2) If we observe that we can compute the best time to enter incrementally (as in the q solutions), we can improve the performance substantially, within striking distance of the q solution:

#include<stdio.h>
#include<stdlib.h>
#include<math.h>

int main(int argc, char **argv) {
    int N = atoi(argv[1]);
    int K = atoi(argv[2]);
    float *pxs = calloc(N, sizeof(pxs[0]));
    for (int i = 0; i < N; ++i) {
        pxs[i] = (9000 + (int)(drand48() * 2001)) / 100.0f;
    }

    float *bts = calloc(N*(K+1), sizeof(pxs[0])); // best trades
    for (int k = 1; k < K + 1; ++k) {
        float be = -pxs[0]; // best entry into the market
        for (int n = 1; n < N; ++n) {
            bts[k*N + n] = fmax(bts[k*N + n - 1], pxs[n] + be);
            be = fmax(be, bts[(k - 1)*N + n] - pxs[n]);
        }
    }
    printf("%f\n", bts[N*(K + 1) - 1]);
}

3) Finally, if we replace the matrix of best columns with 2 columns (for the previous and current best trades), we can improve the performance still further:

#include<stdio.h>
#include<stdlib.h>
#include<math.h>

int main(int argc, char **argv) {
    int N = atoi(argv[1]);
    int K = atoi(argv[2]);
    float *pxs = calloc(N, sizeof(pxs[0]));
    for (int i = 0; i < N; ++i) {
        pxs[i] = (9000 + (int)(drand48() * 2001)) / 100.0f;
    }

    float *btsp = calloc(N, sizeof(btsp[0])); // best trades previous
    float *btsc = calloc(N, sizeof(btsc[0])); // best trades current
    for (int k = 0; k < K; ++k) {
        float be = -pxs[0]; // best entry into the market
        for (int n = 1; n < N; ++n) {
            btsc[n] = fmax(btsc[n - 1], pxs[n] + be);
            be = fmax(be, btsp[n] - pxs[n]);
        }
        float *tmp = btsp;
        btsp = btsc;
        btsc = tmp; // garbage data now
    }
    printf("%f\n", btsp[N - 1]);
}

How much faster can you go?

Wall-Clock Performance

In q, the execution of expressions is eager in right-to-left order. This implies that there are no more than 4 iterations through vectors of length $n$ for each iteration of the accumulation. So, the complexity is bounded by $O(nk)$.

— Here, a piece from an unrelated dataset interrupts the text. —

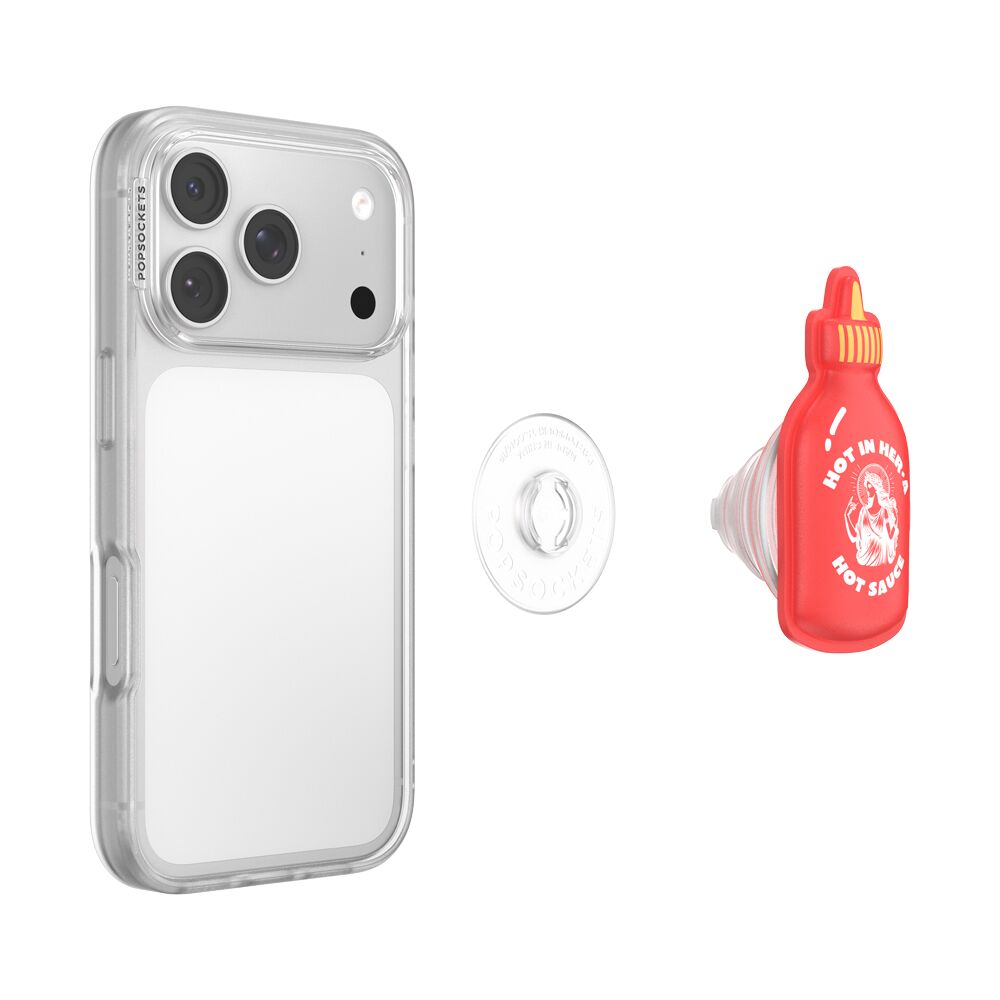 PopGrip Hot Sauce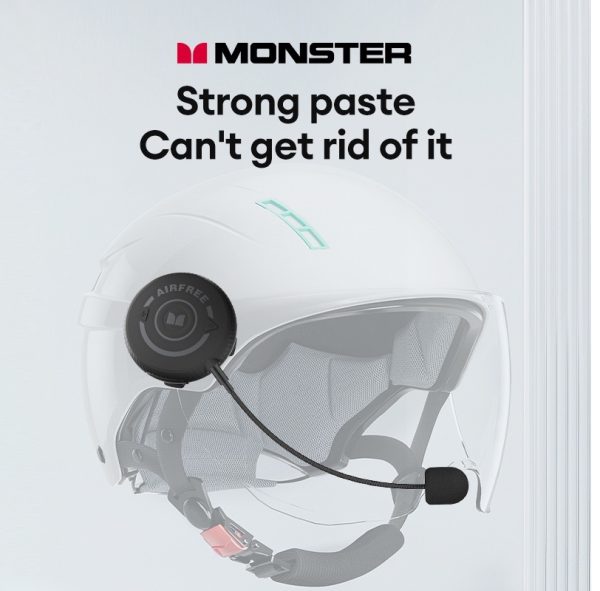 Tai nghe cho mũ bảo hiểm Monster Helmet Earphone Airfree H01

I am running these tests using the 64bit version of q. The 32 bit version was substantially slower -- perhaps compiler flags contributed?

Here are timings on my machine (in millis) as $k$ increases:

q)n:10000000            / init number of trade price ticks
q)pxs:90.0+(n?2001)%100 / init trades with uniform distribution [90.0,110.0]
q)\t oe[1;pxs]
234
q)\t oe[2;pxs]
315
q)\t oe[4;pxs]
582
q)\t oe[8;pxs]
1091
q)\t oe[16;pxs]
2156
q)\t oe[32;pxs]
4288
q)\t oe[64;pxs]
8502
q)\t oe[128;pxs]
17027

indicating the complexity is linear in $k$.

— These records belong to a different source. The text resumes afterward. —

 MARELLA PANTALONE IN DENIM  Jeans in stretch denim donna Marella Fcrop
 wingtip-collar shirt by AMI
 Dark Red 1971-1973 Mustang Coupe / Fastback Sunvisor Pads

Here are timings on machine for fixed $k$ as $n$ increases:

q)\t oe[64;90.0+(1000000?2001)%100]
907
q)\t oe[64;90.0+(2000000?2001)%100]
1727
q)\t oe[64;90.0+(4000000?2001)%100]
3370
q)\t oe[64;90.0+(8000000?2001)%100]
6726
q)\t oe[64;90.0+(16000000?2001)%100]
14175
q)\t oe[64;90.0+(32000000?2001)%100]
28720

The running time also increases more or less linearly in $n$. As an aside, the last few test cases overflow the 32 bit version of q.

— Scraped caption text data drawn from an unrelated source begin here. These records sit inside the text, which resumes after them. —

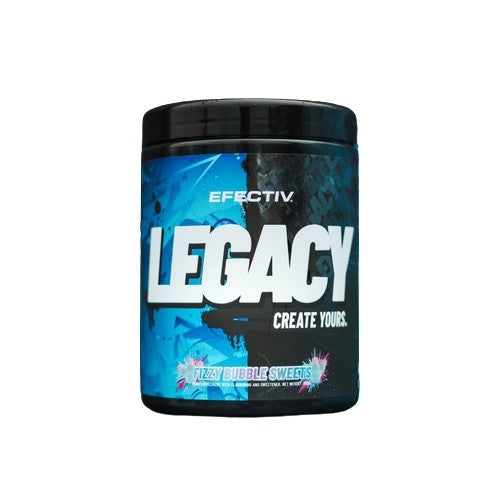 Efectiv Nutrition Legacy, Fizzy Bubble Sweets - 380 g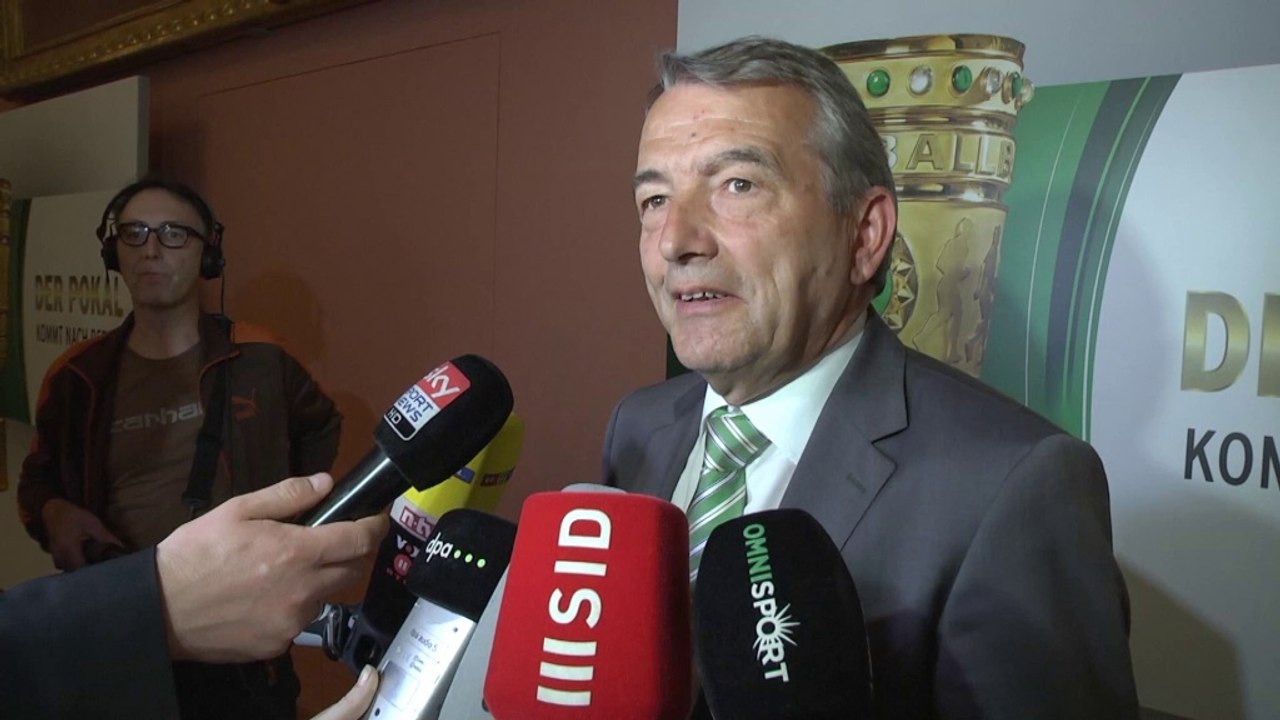 Niersbach: 'Berlin und Pokal gehören zusammen'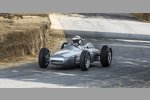 Goodwood Festival of Speed 2018: Porsche 804 Formel 1 (1962), Richard Attwood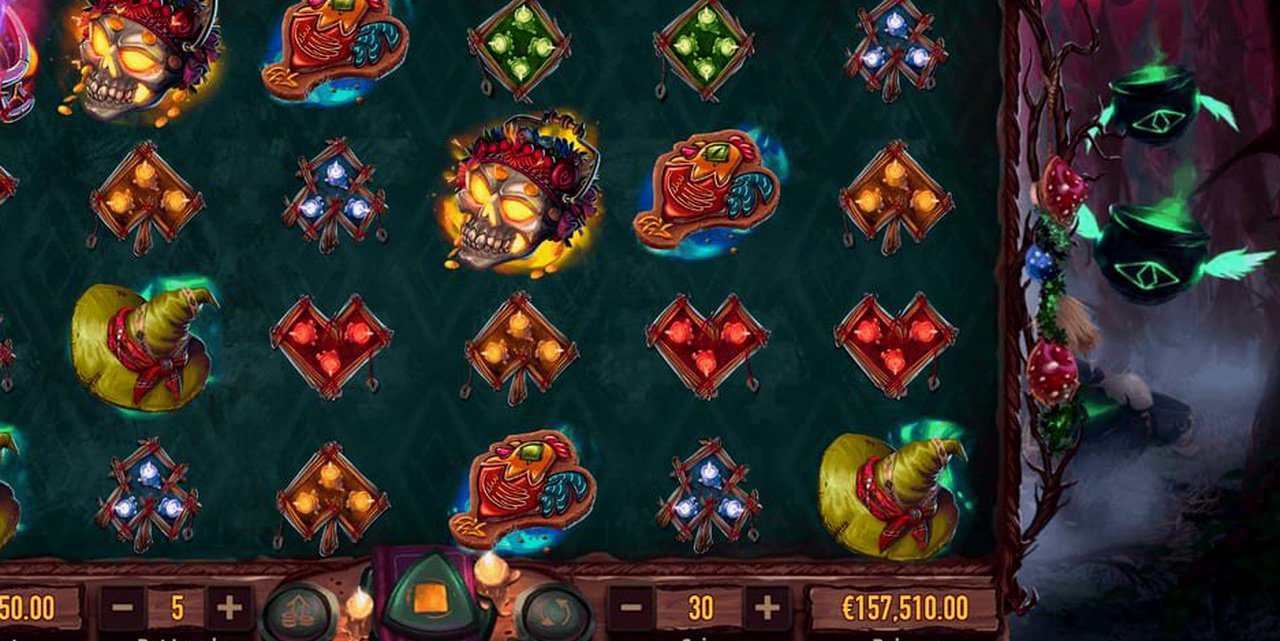 Baba Yaga · Tampilan Aplikasi CEMARA777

The first C implementation isn't in the right league (notice the missing 0):

$ gcc mp.c -o mp -lm -O3 -march=native -funroll-loops
$ /usr/bin/time -f %E ./mp 100000 1
20.000000
0:12.72

Now comparing to the second C implementation, we get these timings:

$ gcc mp2.c -o mp -lm -O3 -march=native -funroll-loops
$ /usr/bin/time -f %E ./mp 1000000 64
1280.000000
0:00.42
$ /usr/bin/time -f %E ./mp 2000000 64
1280.000000
0:00.82
$ /usr/bin/time -f %E ./mp 4000000 64
1280.000000
0:01.61
$ /usr/bin/time -f %E ./mp 8000000 64
1280.000000
0:03.24
$ /usr/bin/time -f %E ./mp 16000000 64
1280.000000
0:06.92
$ /usr/bin/time -f %E ./mp 32000000 64
1280.000000
0:14.41

which is already 2x faster than the q implementation.

The final C implementation was a huge improvement:

$ gcc mp3.c -o mp -lm -O3 -march=native -funroll-loops
$ /usr/bin/time -f %E ./mp 1000000 64
1280.000000
0:00.37
$ /usr/bin/time -f %E ./mp 2000000 64
1280.000000
0:00.71
$ /usr/bin/time -f %E ./mp 4000000 64
1280.000000
0:01.39
$ /usr/bin/time -f %E ./mp 8000000 64
1280.000000
0:02.78
$ /usr/bin/time -f %E ./mp 16000000 64
1280.000000
0:05.50
$ /usr/bin/time -f %E ./mp 32000000 64
1280.000000
0:11.01

which is to say this C implementation is, on my machine, almost 3x faster than what I came up with in q.